Trump smells a rat / 440+ Fifths / ‘Leftist claptrap’

Trump smells a rat. Politico reviews reporting from Newsweek and The Wall Street Journal suggesting the presence of “a government informant inside Trump’s inner circle.”

‘I see a rope around his neck.’ Extremists have been leveling violent threats against the judge who reportedly cleared the FBI to search Mar-a-Lago.
The director of the FBI—a guy appointed by Trump in 2017—calls threats against his agents and the Justice Department “deplorable and dangerous.”
Some officials at Justice are pushing for an end to the administration’s silence on the unprecedented search.
A coalition of superstar historians has warned President Biden that the present threats to American democracy are as serious as any that arose before the Civil War and World War II.

440+ Fifths. Trump yesterday invoked his Fifth Amendment right, refusing to answer hundreds of questions in the New York attorney general’s investigation of his family’s business practices.
In a rare concession, he reversed himself: “I once asked, ‘If you’re innocent, why are you taking the Fifth Amendment?’ Now I know the answer.”
An incredulous Trevor Noah on The Daily Show: “Trump decided not to talk? … Now we know something shady’s going on, right?

‘Liz Cheney’s kamikaze campaign.’ The New Yorker’s Benjamin Wallace-Wells: “Unlike most of her Republican colleagues, the Wyoming representative is willing to lose her seat to take down Donald Trump.”
Gov. Pritzker is calling for an apology from his Republican challenger, Darren Bailey, for asserting that abortion has been worse than the Holocaust.
Crain’s: Bailey’s internet history finds him asserting “that Islam ‘is not a religion of peace,’ that CPS’ decision to let children use the bathroom that conforms to their sexual identity is ‘sickness,’ and that a young person born as a biological woman who thinks she may actually be a man needs to accept ‘reality.’”

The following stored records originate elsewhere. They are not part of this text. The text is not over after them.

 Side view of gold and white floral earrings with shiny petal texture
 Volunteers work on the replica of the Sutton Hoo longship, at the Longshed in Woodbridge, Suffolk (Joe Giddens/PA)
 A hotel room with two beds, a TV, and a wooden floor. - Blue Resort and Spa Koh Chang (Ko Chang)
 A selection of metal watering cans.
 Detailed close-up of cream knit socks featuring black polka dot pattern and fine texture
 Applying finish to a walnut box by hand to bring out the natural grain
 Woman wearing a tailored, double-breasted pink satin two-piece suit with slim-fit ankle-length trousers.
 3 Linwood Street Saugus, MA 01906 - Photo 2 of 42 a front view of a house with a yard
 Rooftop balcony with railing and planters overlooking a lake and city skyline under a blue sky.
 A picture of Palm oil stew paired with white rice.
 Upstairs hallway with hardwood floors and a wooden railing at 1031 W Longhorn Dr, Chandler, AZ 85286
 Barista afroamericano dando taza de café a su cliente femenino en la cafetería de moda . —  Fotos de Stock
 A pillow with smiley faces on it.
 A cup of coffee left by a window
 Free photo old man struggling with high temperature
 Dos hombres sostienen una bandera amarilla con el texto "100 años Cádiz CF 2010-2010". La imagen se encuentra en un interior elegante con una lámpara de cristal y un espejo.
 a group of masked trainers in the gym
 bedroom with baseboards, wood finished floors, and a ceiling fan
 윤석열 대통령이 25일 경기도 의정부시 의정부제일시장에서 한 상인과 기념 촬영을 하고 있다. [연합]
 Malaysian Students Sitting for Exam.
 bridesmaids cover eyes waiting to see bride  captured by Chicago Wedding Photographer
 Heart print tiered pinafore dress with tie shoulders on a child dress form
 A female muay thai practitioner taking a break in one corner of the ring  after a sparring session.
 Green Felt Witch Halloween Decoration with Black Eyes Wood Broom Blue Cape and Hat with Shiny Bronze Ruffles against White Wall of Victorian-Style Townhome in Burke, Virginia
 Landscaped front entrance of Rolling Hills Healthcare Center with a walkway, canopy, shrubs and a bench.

‘We’d hate to think this is another case of a whistleblower being shown the door.’ A Sun-Times editorial raises concern that the dismissal of the official in charge of Chicago Police Department reforms reflects a lack of seriousness about the program under Mayor Lightfoot.
Columnist Eric Zorn: Lightfoot’s “sweet deal” with NASCAR exemplifies her evolution into “something of an autocrat.”
Lightfoot’s budget calls for increasing property taxes—but not as much as she could.

‘These matters have to be fixed.’ A Tribune editorial says that, before the CTA pours billions into the Red Line’s extension south, it needs to address crime on its buses and trains.
Over the course of 24 hours, prosecutors say Chicago cops arrested four men with guns at the CTA’s Roosevelt station.
The CTA’s embattled president, Dorval Carter, was set to address the City Club at noon today in a sold-out session to be streamed live to the web.

Walgreens in trouble. A federal judge has found the company “substantially contributed” to San Francisco’s opioid epidemic—dispensing, in the judge’s words, “hundreds of thousands of red-flag opioid prescriptions without performing adequate due diligence.”
Monetary damages come later, but the company says it’ll appeal.
Columnist and ex-Labor Secretary Robert Reich revisits “the worst memo in American history”: A 1971 memo from a then-future Supreme Court justice encouraging business to use its political power “aggressively and … without embarrassment.”

Look up. Way up. The Perseid meteor shower—widely considered the year’s best—is set to peak tonight …
 … but the bright light of the year’s last “supermoon” could make the shower tough to discern.

‘Kill your lawn before it kills you.’ The New York Times’ Agnes Walton sounds an alarm about “the astounding amount of water needed to keep our lawns vibrant, the toxic herbicides and chemical fertilizers we saturate them with and the air pollutants that billow out of mowers and into our lungs.”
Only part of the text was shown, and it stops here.